Parmi les revendications prioritaires figure la régularisation immédiate des situations administratives, notamment l’intégration des agents publics budgétaires (APB) éligibles et la mise en solde effective des actes administratifs en attente. Les agents dénoncent des lenteurs administratives qui paralysent leur carrière et sapent leur motivation.
Le collectif réclame également le recrutement des diplômés issus des écoles de formation en santé, dans un contexte de manque criant de personnel médical. Une situation qui, selon eux, accentue la surcharge de travail et compromet la prise en charge des patients, en particulier dans les structures périphériques.
Sur le plan financier, la colère est tout aussi vive. Les professionnels exigent le paiement intégral des rappels, arriérés et primes dus, estimant que ces retards plongent de nombreux agents dans la précarité, malgré leur rôle essentiel dans la société. À cela s’ajoute la demande d’un plan d’urgence national pour le plateau technique, afin de moderniser des équipements hospitaliers souvent vétustes et inadaptés.
Les agents de santé plaident en outre pour la mise en place d’une commission de suivi paritaire, accompagnée d’un protocole d’accord contraignant, afin de garantir l’exécution effective des engagements pris par les pouvoirs publics.
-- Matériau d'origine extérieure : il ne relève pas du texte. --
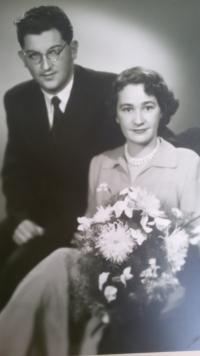 Svatební foto Zory Kopáčové a Luďka Urbana 1950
D’autres revendications majeures complètent le cahier de doléances : la gratuité des soins pour les agents et leurs ayants droit, la mise en stage effective après dix années de service, ainsi qu’une réforme profonde des avantages sociaux et de la carrière de la MOMP.
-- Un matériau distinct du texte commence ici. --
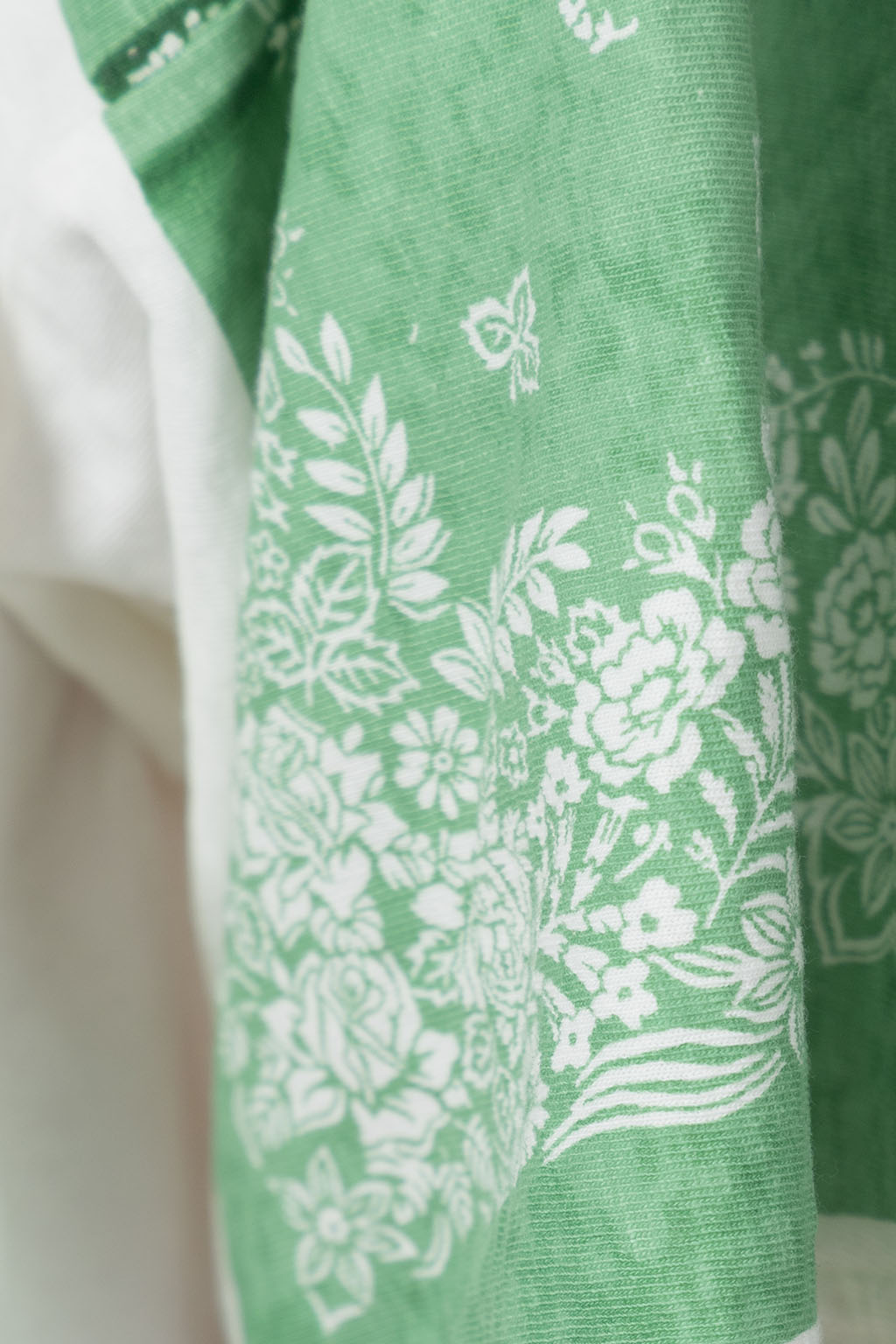 Kapital 18.5/-Jersey Bandana HUGE T (Botanical) - Light Green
Pour les membres de SOS Santé, l’enjeu dépasse largement le cadre corporatiste. « Il s’agit de sauver le système de santé gabonais et de garantir un accès équitable et digne aux soins pour toutes les populations », martèlent-ils.
À l’approche de cette Assemblée générale, la pression monte sur les autorités, appelées à prendre la pleine mesure de l’urgence sanitaire et sociale. Cette rencontre pourrait marquer un tournant décisif dans la lutte pour un système de santé plus performant, plus juste et plus respectueux de ceux qui en sont les piliers au quotidien.